It is a small miracle that Yoani Sánchez will actually be attending the Movies that Matter Festival. Or maybe even a big miracle. For years she attempted to obtain an exit visa, which was refused to Cubans who openly criticise the Communist regime.
Mid-January 2013, a new law abolishing exit visa came into effect that entitles every Cuban to a passport and to travel abroad. Every Cuban, that includes Yoani Sánchez. She remained sceptical, but at the end of January she was suddenly in possession of the much-wanted document.
The abnormal as normal
‘On my way there it occurred to me that there is probably no other country in the world where delivering a passport has news value,’ Sánchez says. ‘But in Cuba the abnormal is accepted as being normal.’
‘Maybe the authorities realised the political price they would have to pay if they hold on to the ideological segregation of those wanting to leave the country. Or maybe they have come to the conclusion that letting critics travel causes less controversy than retaining them on the island.’
The freedom to travel is in some ways a test case for the rest of the world to see how serious the reforms in Cuba really are. ‘I am very critical about the speed and the thoroughness of Raúl Castro’s reforms’, says Sánchez. ‘I must say, however, that this might well be the boldest reform of all reforms implemented by Raúl Castro, having the most far-reaching political and social consequences.’
Strategies of oppression
The reforms in Cuba provide no guarantee that freedom of speech or press freedom will be established.
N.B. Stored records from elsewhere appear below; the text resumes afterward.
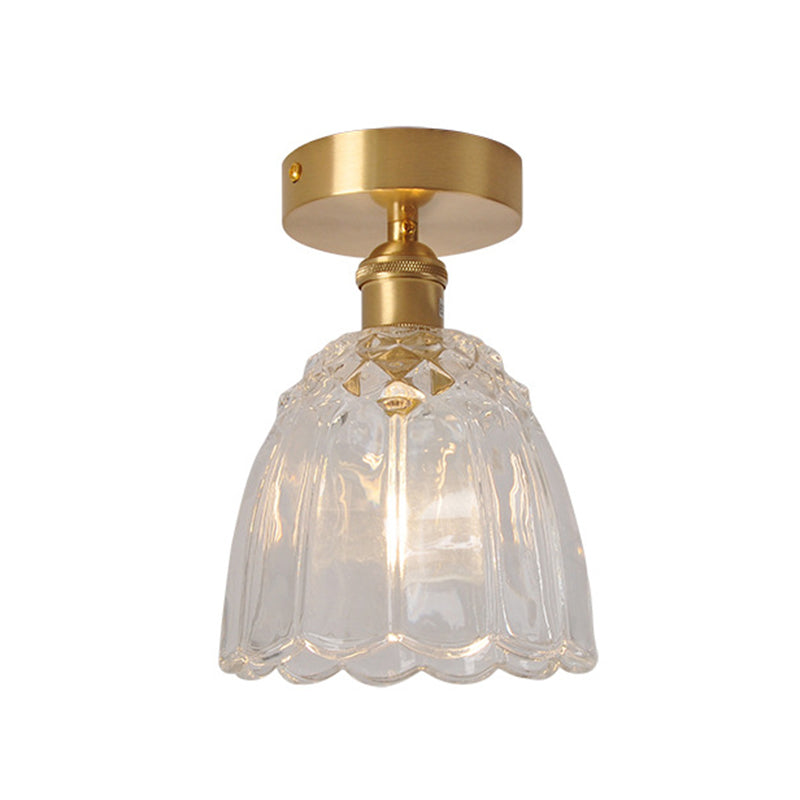 Modern Style Ceiling Mount Light Fixture Gold Flower Close to Ceiling Lighting with Glass Shade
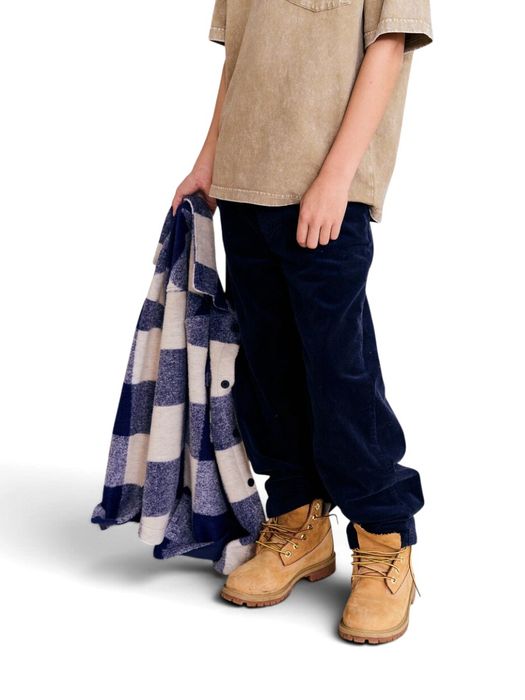 Blauwe relaxed fit broek in ribfluweel Ao76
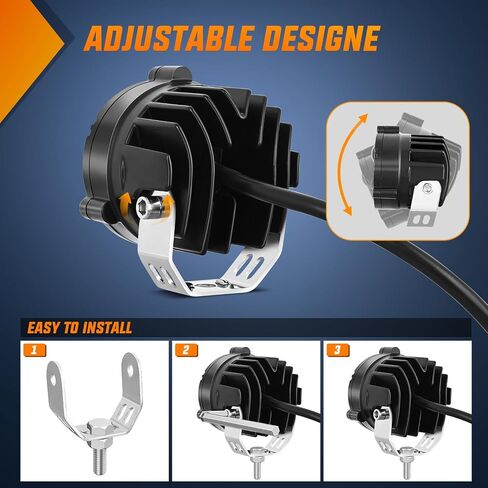 Nilight Motorcycle Driving Lights 2.7 inch White Amber Spot Beam Fog Light LED Pods IP67 Waterproof Auxiliary Offroad Lighting for Motorbike Dirt Bike e-Bike Scooter Snowmobile ATV UTV SUV Truck in Saudi Arabia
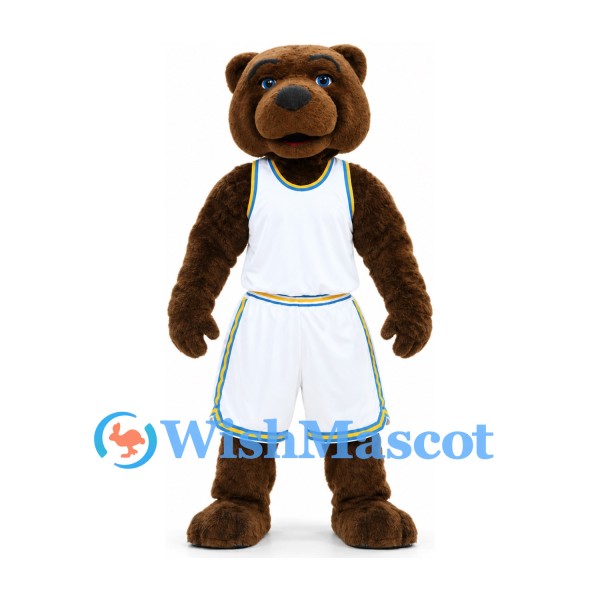 Bear Mascot Costume in Brown with White Basketball Uniform and Green Trim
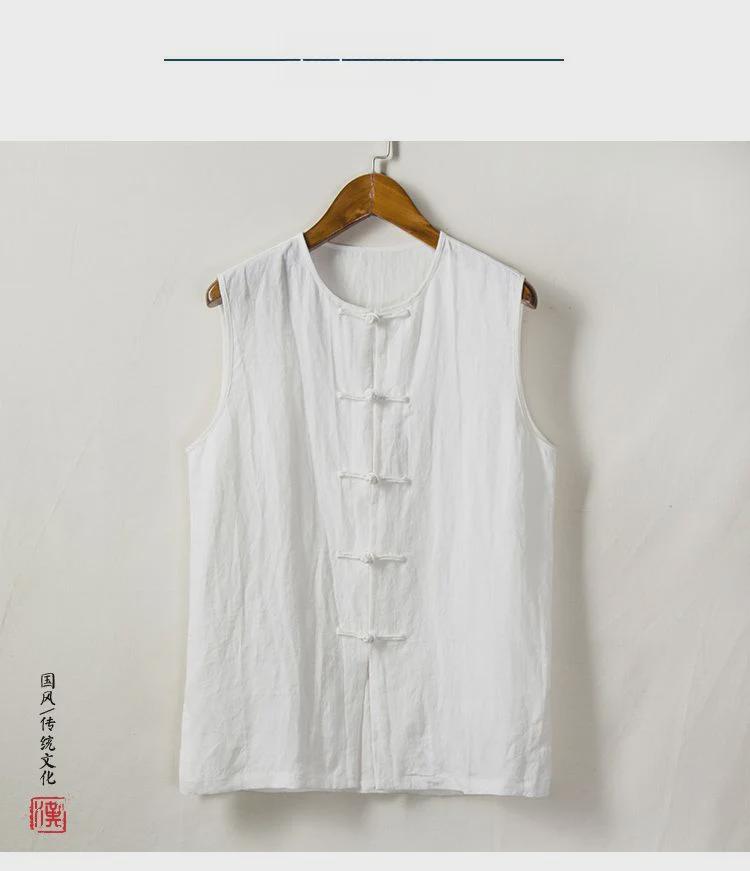 Men's Retro Style Loose Cotton & Linen Sleeveless Vest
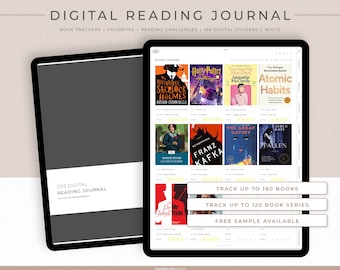 Digital Reading Journal | 168 Digital Stickers for book lovers | Portrait | White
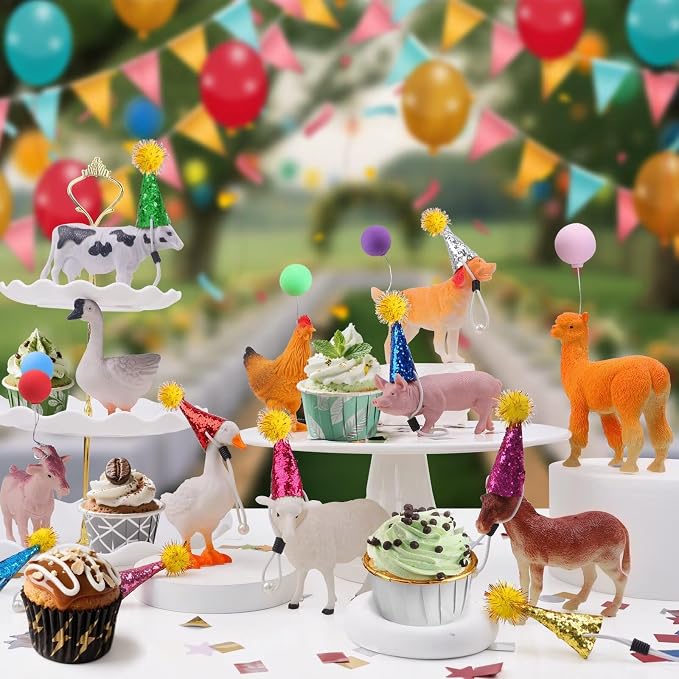 26 PCS Jungle Animal Birthday Party Decorations with Farm Animal Figurines, Mini Hats & Balloons, Cake Toppers for Birthday Party, Wild Animals Party Supplies(Farm Animal)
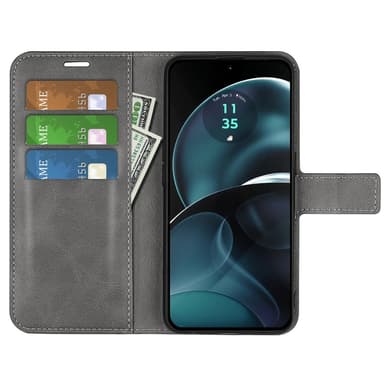 SKALO Motorola Moto G14 Premium Wallet Lompakkokotelo - Harmaa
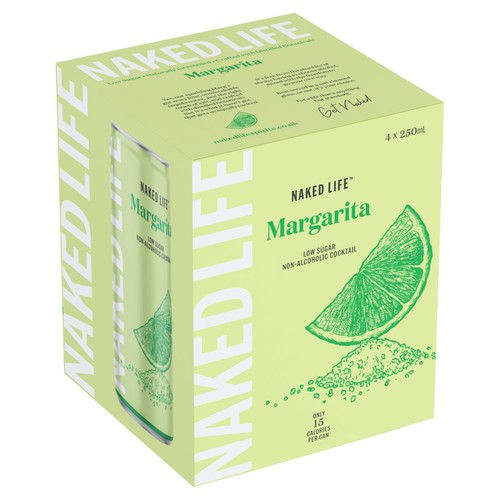 Naked Life Margarita Non-Alcoholic Cocktail 4x250ml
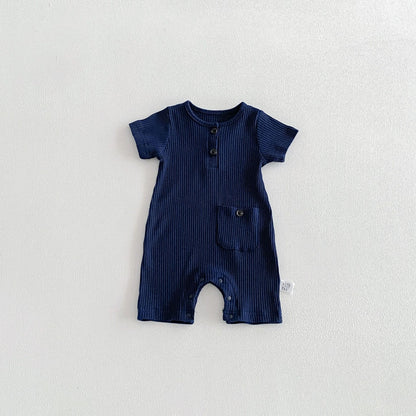Summer Arrival Baby Boys and Girls Short Sleeves Solid Color Crew Neck Bodysuit, MyKids-USA®, Bodysuits, MyKids-USA - Size/Age - 66 (3-6M) - Color - Navy Blue (Dark Blue) -  -  - TR2603192325-B.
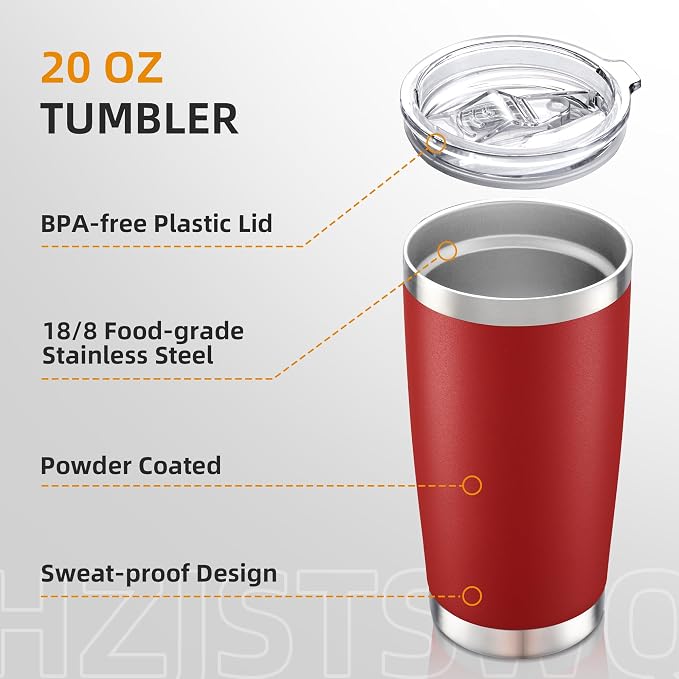 20 oz Tumbler with Lid Stainless Steel Insulated Tumblers, 1 Pack | Leak Proof - Image 3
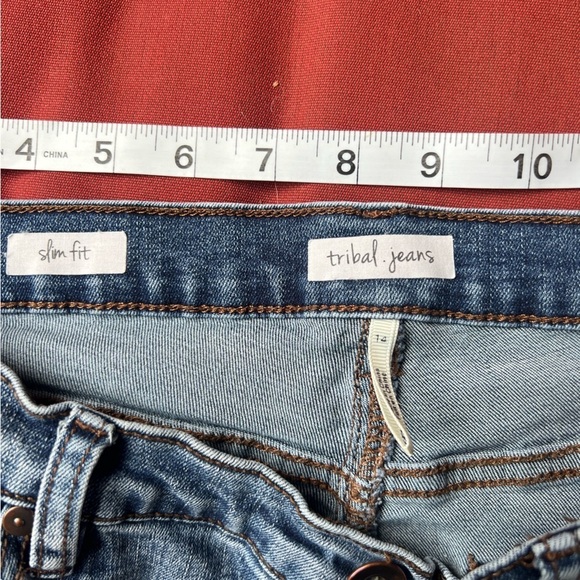 Tribal, slim, fit jeans, medium/light wash size 14 - Picture 3 of 5
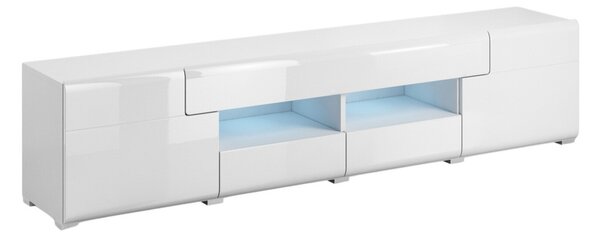 TV-állvány Torsone 113, Laminált forgácslap, 48x208x39cm, Fényes fehér, Fehér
Access to the Internet remains an issue. Sánchez: ‘It still costs a fortune to go online and there are few locations that have Internet access. The connection is incredibly slow, and a huge number of websites have been banned by the government.’
Moreover, the latest reforms do not put an end to the threats to which critics like Yoani Sánchez are subjected. ‘The nature of these threats has dramatically changed over the five years that I have been active as a blogger. At first, they were mainly physical. Now they tend to commit character assassination by putting critics in a bad daylight. That is a form of violence and oppression, too. They are very good at “pillorying” us in the media. They also weave a web of lies, disinformation, intrigues and distortions around a person, just to harm someone’s reputation, a strategy that is locally known as “murdering the messenger”. It doesn’t matter whether or not it actually represents your opinion, or whether the information you provide is true or false.’
‘In my case this is done by publishing articles full of libel and lies, in which they link me to the United States, stating that I work for the Americans, which is completely untrue. They use very aggressive terms like “mercenary”.’
Sánchez says that the authorities have taken a vicious stance now they know that she will be travelling abroad. ‘They know I will be given the opportunity to speak about my own experiences and about the projects, ideas and dreams I have for the future of Cuba. They know they cannot silence me.’